Leg-spinner Rahul Chahar (3 for 19) broke the back of Delhi Capitals’ batting in its chase of 169 to help Mumbai Indians claim a 40-run win at the Ferozeshah Kotla here. It propelled the side to the second spot in the points table. Chahar took three top-order wickets – of Prithvi Shaw, Shikhar Dhawan and captain Shreyas Iyer – to make the contest one-sided after the openers provided a rapid start for the home side.

Wickets tumbled one after the other as Capitals fell to its third defeat here out of four contests.

Chahar’s brilliance was backed up by entertaining cameos from Krunal Pandya (37, 26b, 5X4) and his brother Hardik (32, 15X4, 2X4, 3X6) that gave Mumbai Indians the total to call the shots.

IPL 2019: Full coverage

Still, it was anybody’s game during the PowerPlay overs when Capitals came out to bat. Shaw and Dhawan struck seven fours and a six in a lively opening partnership of 49. Trying to be enterprising against Chahar in the seventh over, Dhawan attempted a reverse-sweep only to be trapped leg before. In Chahar’s next over, Shaw came down the pitch to attempt an aggressive stroke but failed to time the ball and was caught at long-on by Hardik.
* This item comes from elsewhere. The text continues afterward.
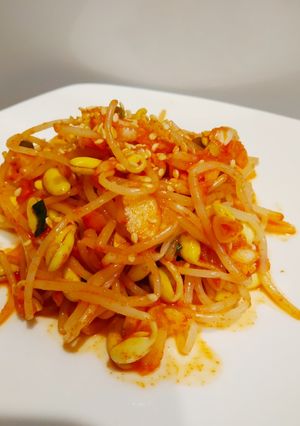 Foto resep Kongnamul muchim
Three more wickets were to fall for 17 runs. Krunal, a left-arm orthodox spinner, bowled a yorker to dismiss Colin Munro. Soon after, Iyer was undone by a sharply spinning delivery from Chahar that pitched on leg-stump and hit the off. In the 14th over, Rishabh Pant attempted a swipe across the line to Jasprit Bumrah and was bowled; with the required run-rate having crossed 15, and with only five wickets left, the contest was virtually over.
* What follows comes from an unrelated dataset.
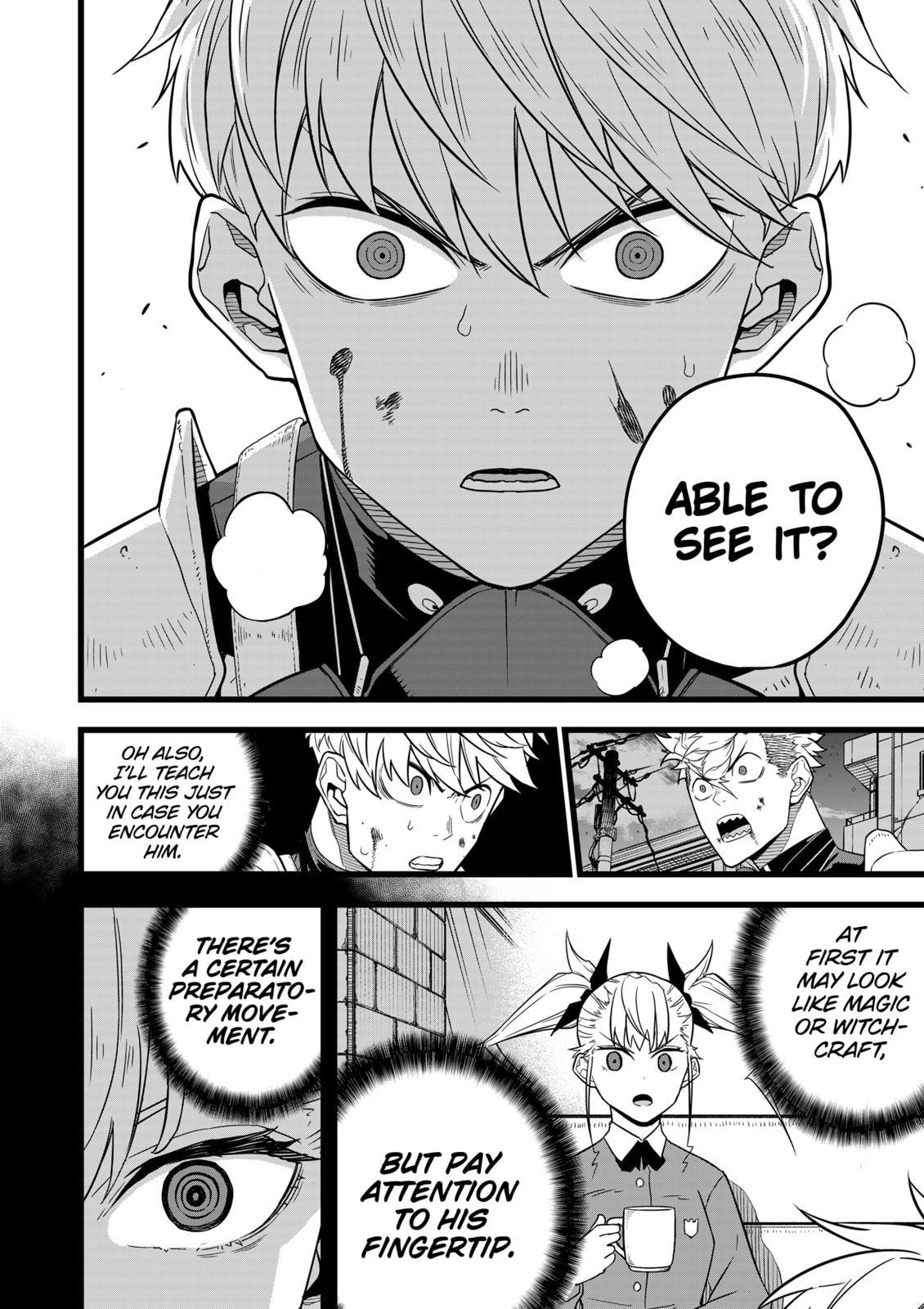 Kaiju No. 8 Chapter 15 page 12 - Chapter 15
Highlights: Capitals vs Indians

Axar Patel and Chris Morris hung around for a while but only delayed the inevitable. Eventually, they were dismissed too, as Mumbai Indians’ pacers polished off the tail.

Mumbai Indians also had a faltering innings at one point but it was brought back to life by the Pandya brothers. Having arrived to bat at the conclusion of Quinton de Kock’s promising innings of 35 (27b, 2X4, 2X6) that ended abruptly via a run-out, in the 10th over, Krunal laid anchor and exploded at the death in the company of Hardik to take his team to a challenging total given the nature of the pitch.

The variable bounce was palpable, and the slowness and turn available allowed spinners to derail the innings. First, Rohit Sharma (30, 22b, 3X4, 1X6) was undone by a delivery from leg-spinner Amit Mishra that pitched on length and seemed to stop as it turned sharply to strike the middle stump. It ended a prospering first wicket partnership after the openers had collected 57 runs in the PowerPlay.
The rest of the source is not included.